## The task
An image-free, word-for-word version of the records below is to be returned.

## Records provided
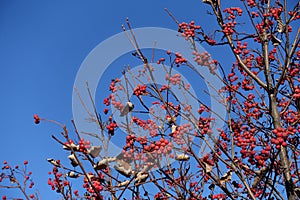 Lots of berries on bare branches of whitebeam against blue sky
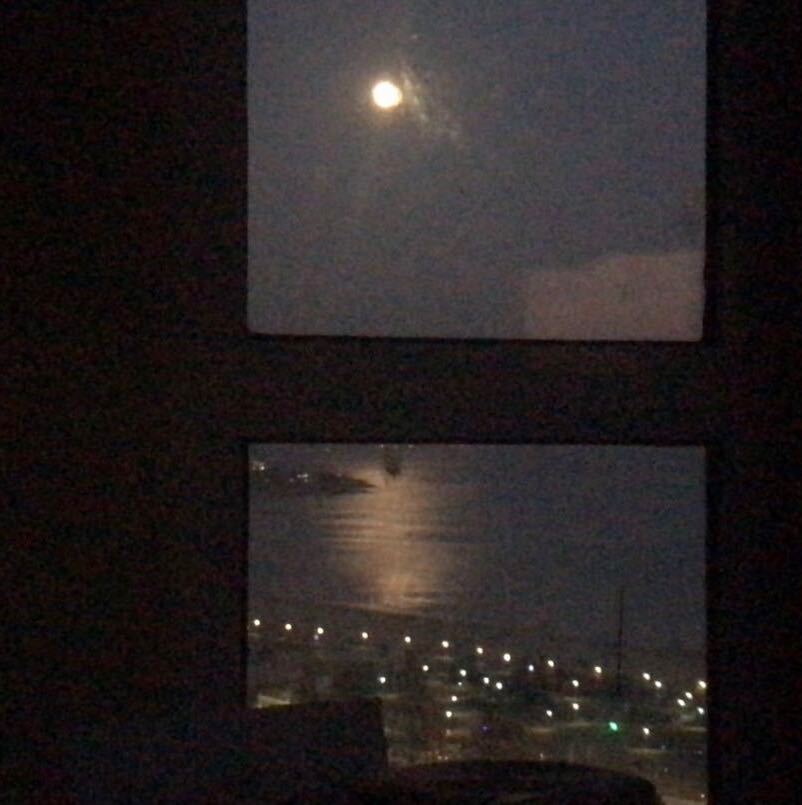 爪是凤爪的凤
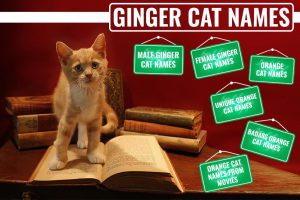 Ginger Cat Names
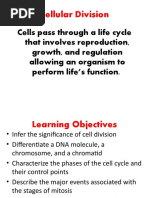 Cell Division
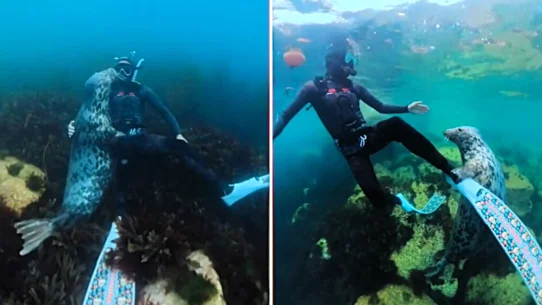 Diver Michael Thomas was exploring kelp forests off Lundy Island when a curious seal wrapped itself around him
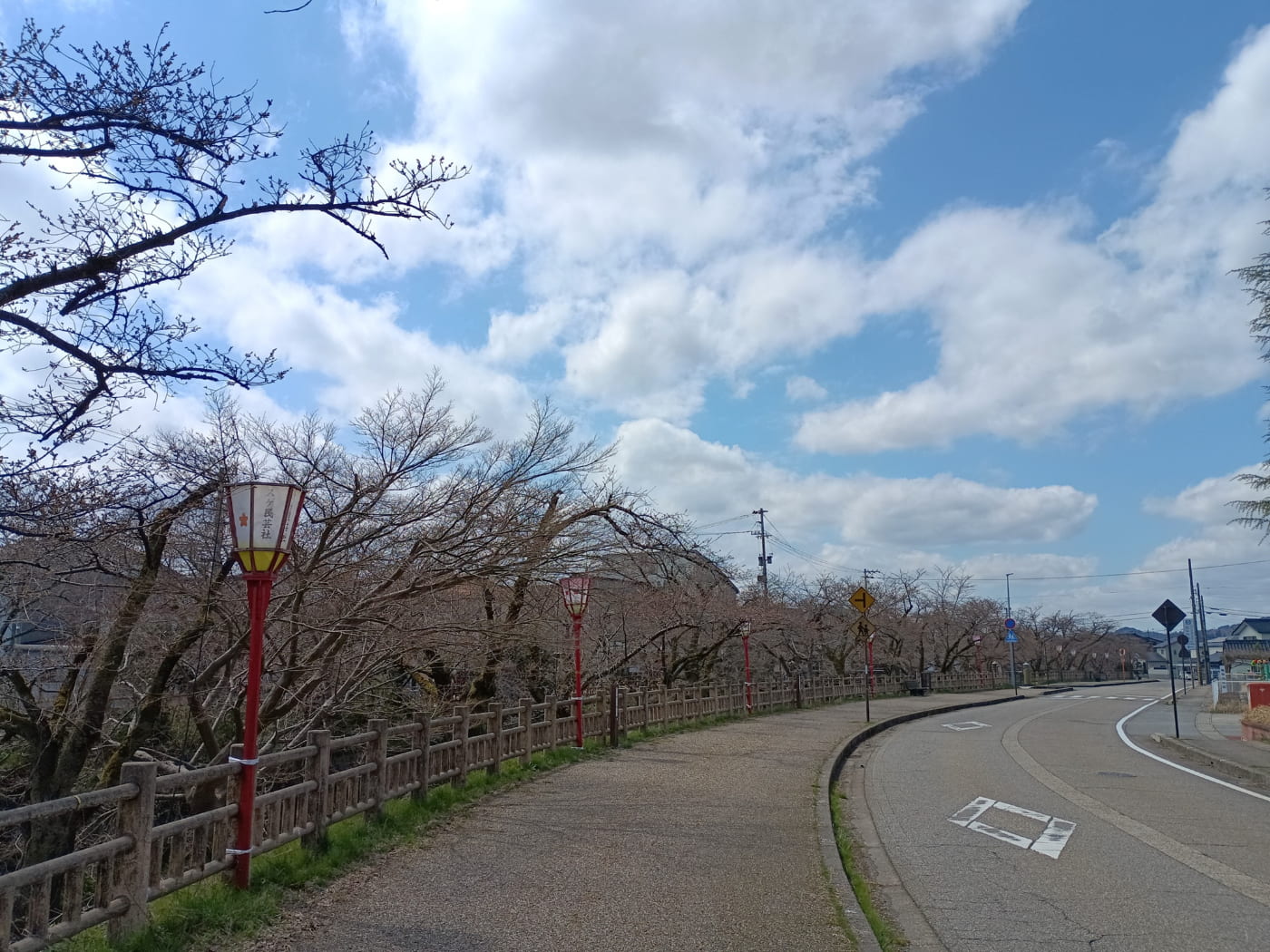 ～桜並木と交通安全～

## Result of the task
 Lots of berries on bare branches of whitebeam against blue sky
 爪是凤爪的凤
 Ginger Cat Names
 Cell Division
 Diver Michael Thomas was exploring kelp forests off Lundy Island when a curious seal wrapped itself around him
 ～桜並木と交通安全～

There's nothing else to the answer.